Service Engine on Azure may function with low performance if DPDK mode is enabled but necessary modules fail to load on SE startup

book

Article ID: 391856

calendar_today

Updated On:

Products

VMware Avi Load Balancer

Issue/Introduction

  • Traffic Performance issue after upgrading to 22.1.6-2px version.
  • DPDK in Azure Mellanox environments will not function without loading the needed kernel modules. 

Environment

  • Azure Cloud
  • Avi Load Balancer version 22.1.6

Cause

If kernel modules fail to load, the Service Engine (SE) will boot in DPDK-DTAP mode, which is more restrictive than PCAP mode and can severely impact datapath functionality.

To verify this, log in to the affected SE and inspect the following log:

 
[admin:] > attach serviceengine <SE_NAME>
admin@Avi-se:~$ sudo -i
[sudo] password for admin: <enter password>
 
root@Avi-se:~# vi /var/log/upstart/se_info.log

Look for errors related to net_mlx5 ,Failed to attach etc.

Core:0 11/19/24 09:37:11.729162 UTC EAL: memzone_reserve_aligned_thread_unsafe mz->iova:000000040e7aad80, mz->addr:0x6001cb9aad80 mz->name:mlx5_pmd_shared_data mz:0x6000000147e0 len:0
Core:0 11/19/24 09:37:11.729447 UTC net_mlx5: mlx5.c:3347: mlx5_pci_probe(): no Verbs device matches PCI device eda7:00:02.0, are kernel drivers loaded?
Core:0 11/19/24 09:37:11.729474 UTC EAL: Driver cannot attach the device (eda7:00:02.0)
Core:0 11/19/24 09:37:11.729479 UTC EAL: Failed to attach device on primary process
Core:0 11/19/24 09:37:11.729485 UTC net_failsafe: sub_device 0 probe failed (No such file or directory)
Core:0 11/19/24 09:37:11.729494 UTC EAL: Inserting args remote=eth0 device net_tap_vsc0
Core:0 11/19/24 09:37:11.729916 UTC tun_alloc(): Rx trigger disabled: Device or resource busy 

If the above kernel-related log entries are not present, the issue is likely NOT related to kernel module loading.

Resolution

Workaround:

To resolve the issue, enable the se_dpdk_pmd knob in the Service Engine (SE) group and then reboot all Service Engines.

Command:

[admin:ctrl]: > configure serviceenginegroup Default-Group 

[admin:ctrl]: serviceenginegroup> se_dpdk_pmd 2 

[admin:ctrl]: serviceenginegroup> save 

 


PCAP Mode:

All Service Engines in the group will operate in PCAP mode.
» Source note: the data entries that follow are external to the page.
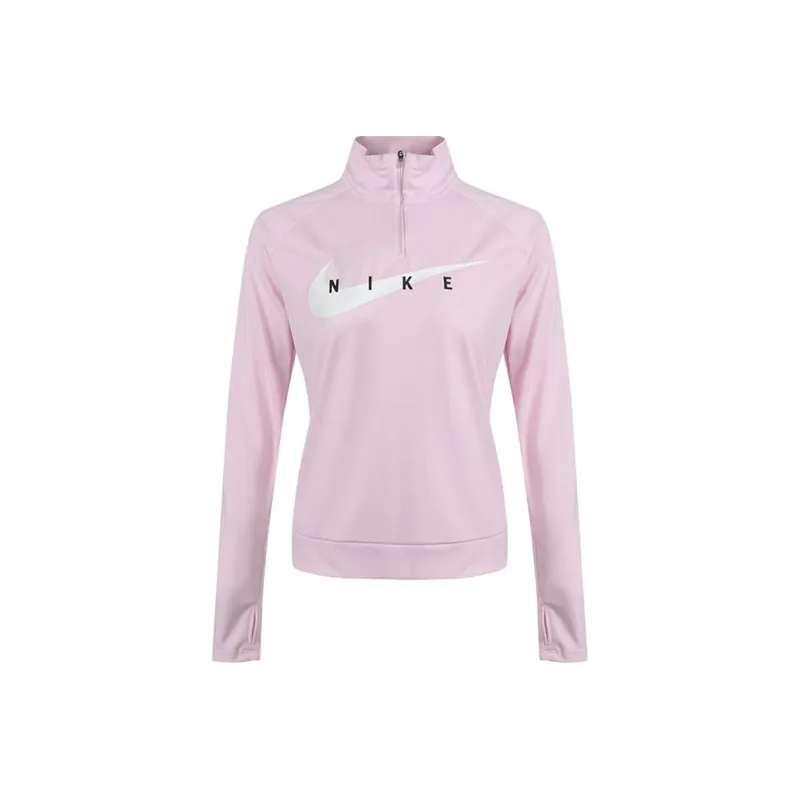 Nike Sweatshirts Women's Pink-0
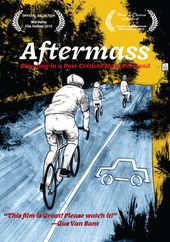 Aftermass: Bicycling In A Post-critical Mass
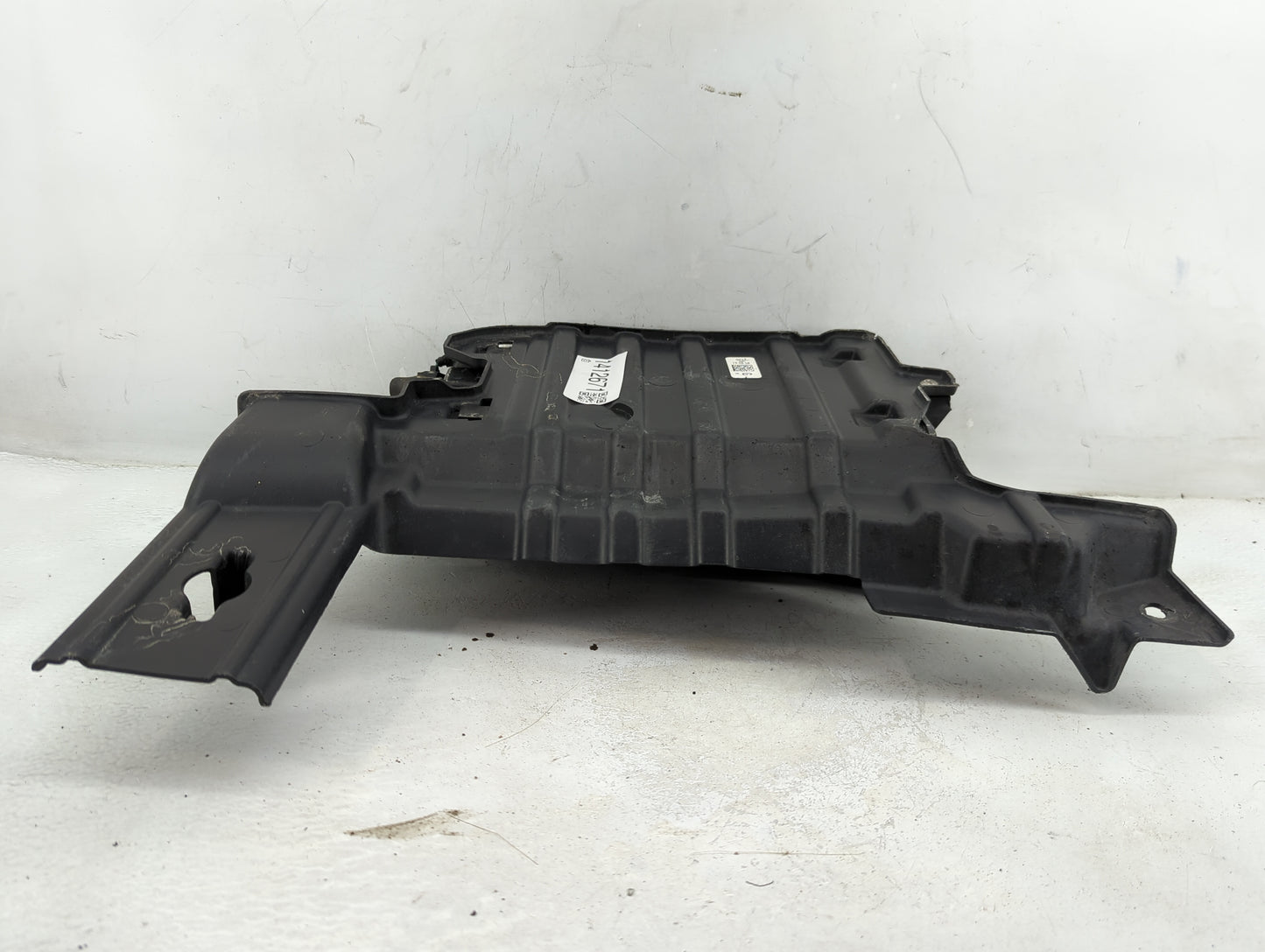 2015 Ford Taurus Fuel Vapor Charcoal Canister - Oemusedautoparts1.com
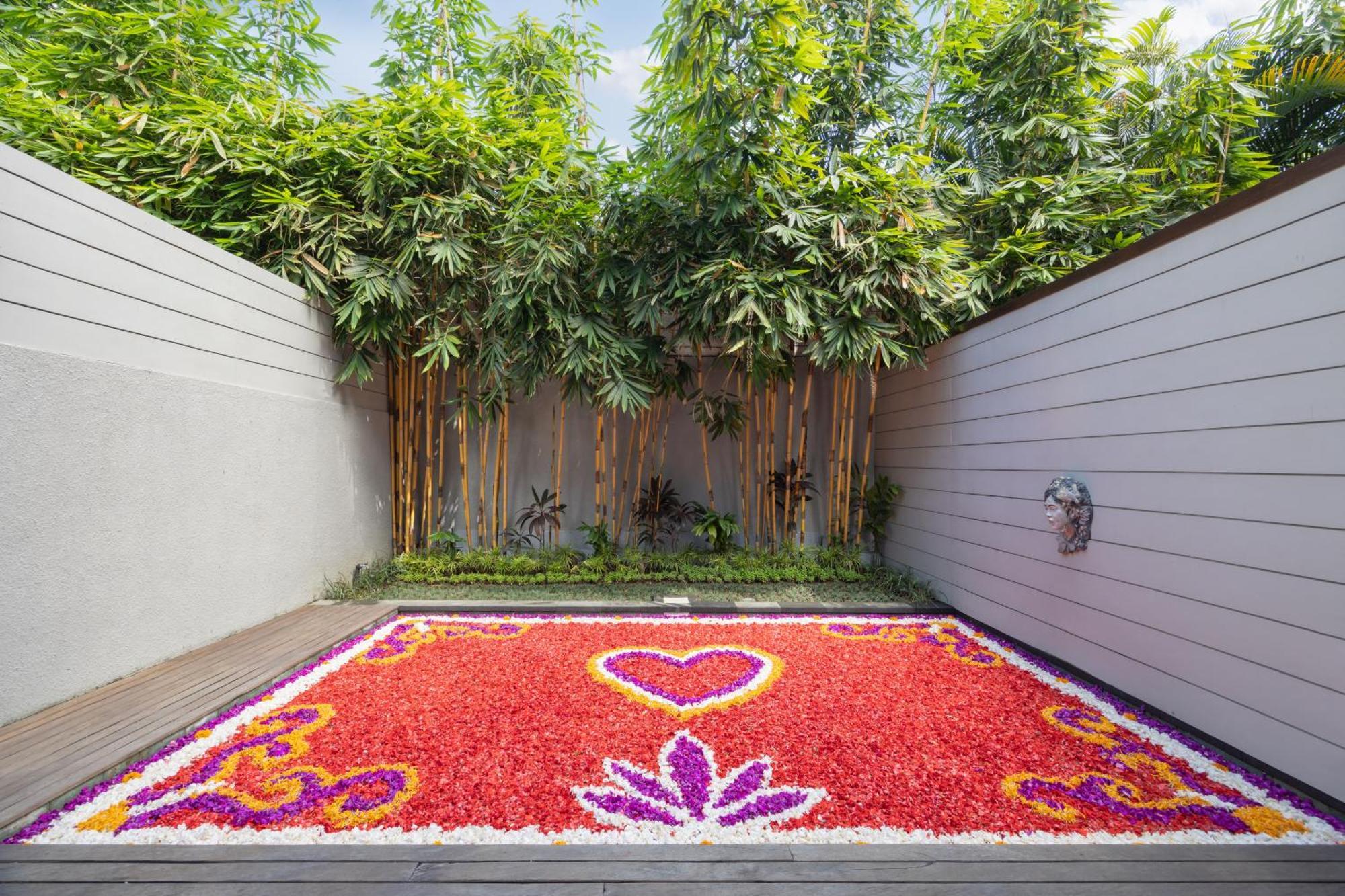 Kanhara Villas Ubud By Pramana Villas المظهر الخارجي الصورة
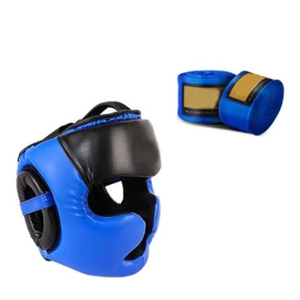 Conjunto Completo de Equipo de Taekwondo y Boxeo para Adultos, Jóvenes y Niños, Guantes de Karate, Protectores de Tibias, Protector de Costillas y Pecho, Protector de Cabeza - Product Image 6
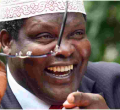 Thirdway Alliance Picks Miguna Miguna as its Flagbearer in the Nairobi Gubernatorial By-Election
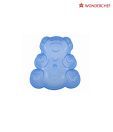 Wonderchef Bear Cake Mould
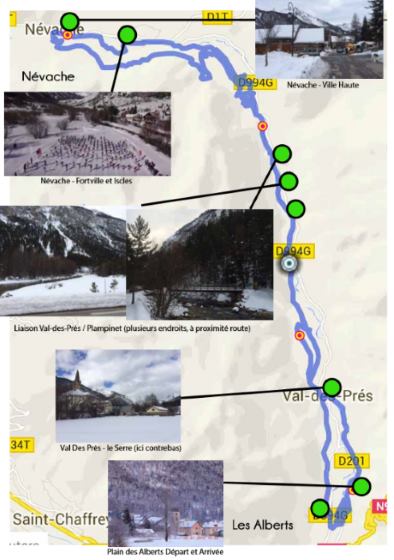 carte marathon claree 2016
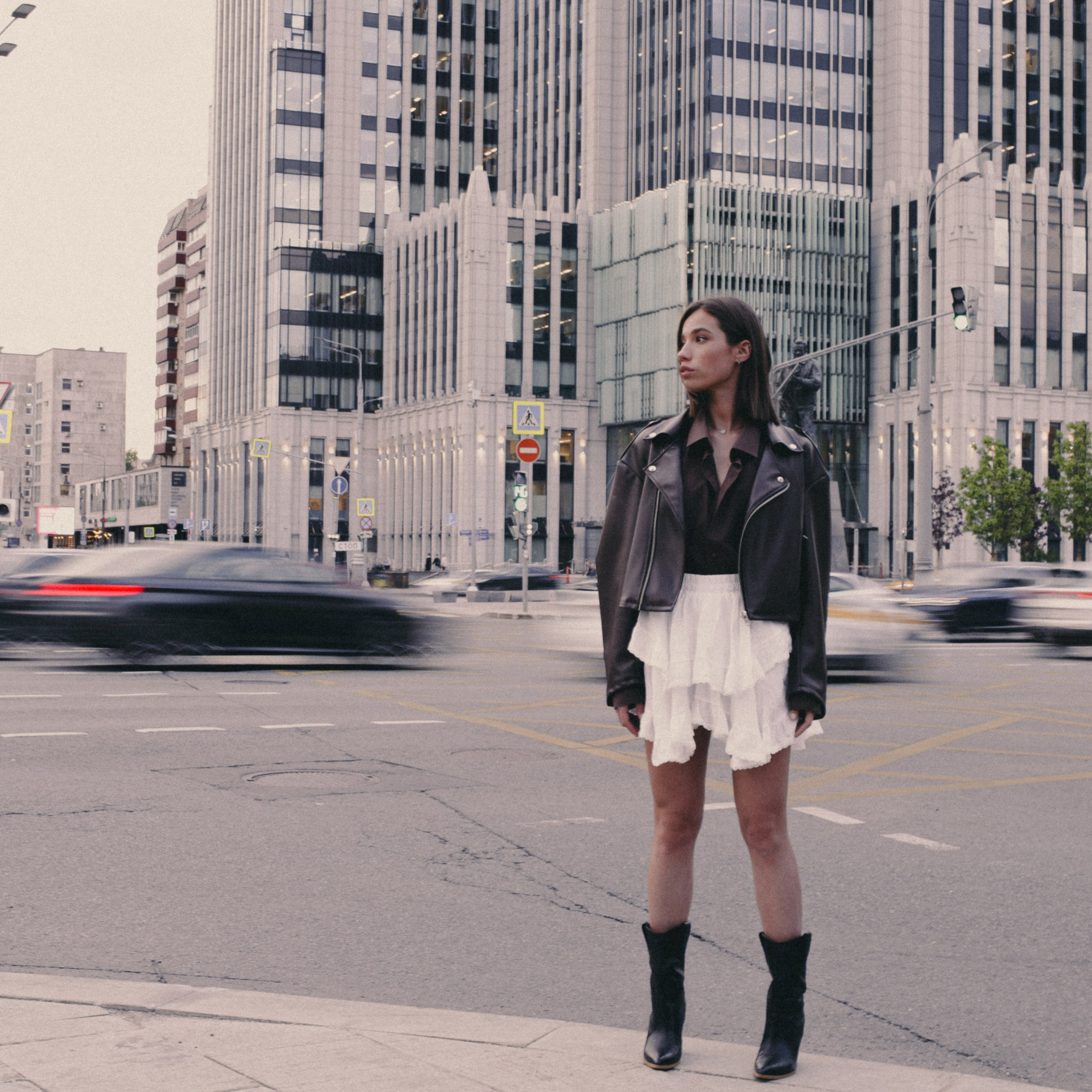 Стрит-съёмки | Фотограф в Зеленограде Таня Бараненко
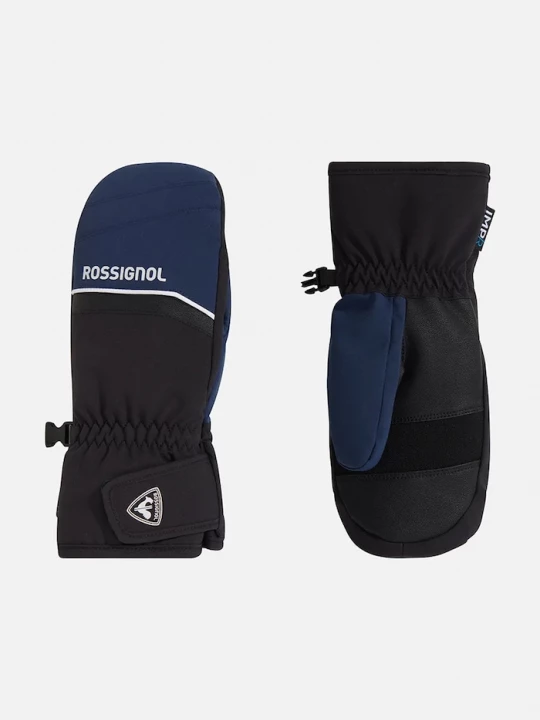 Obrázek produktu Rossignol Dětské lyžařské rukavice Rossignol TECH IMPR M námořnická modř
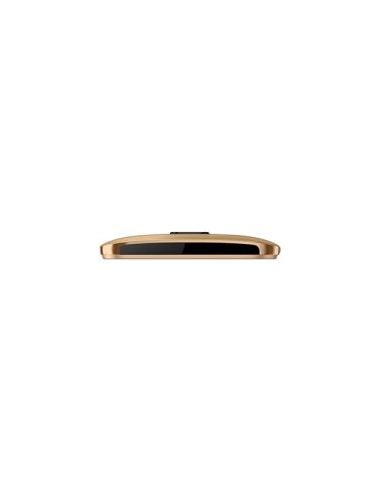 HTC One M9 Amber Gold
This setting forces every SE in the group to use PCAP mode. Additionally, after upgrading from a previous release, the se_dpdk_pmd will be set to the new value for all existing Service Engine Groups.

Important:
If the mode is changed for a Service Engine Group containing SEs, you must reboot the SEs for the new setting to take effect.

Reference Documentation:
https://techdocs.broadcom.com/us/en/vmware-security-load-balancing/avi-load-balancer/avi-load-balancer/22-1/vmware-avi-load-balancer-installation-guide/installing-nsx-alb-in-microsoft-azure/additional-deployment-options-microsoft-azure-/service-engine-group-configuration/dpdk-support-for-service-engines-in-azure.html

 

Issue Identification and Fix:

The issue has been identified as a bug, and a fix has been included in the following versions and patches:

Fix Versions:

  • 22.1.7-2p7
  • 31.2.1
  • 30.2.3
  • 31.1.2

Bug ID:

  • AV-223059

Release Notes:
For detailed information about the fix, refer to the Release Notes for 22.1.6.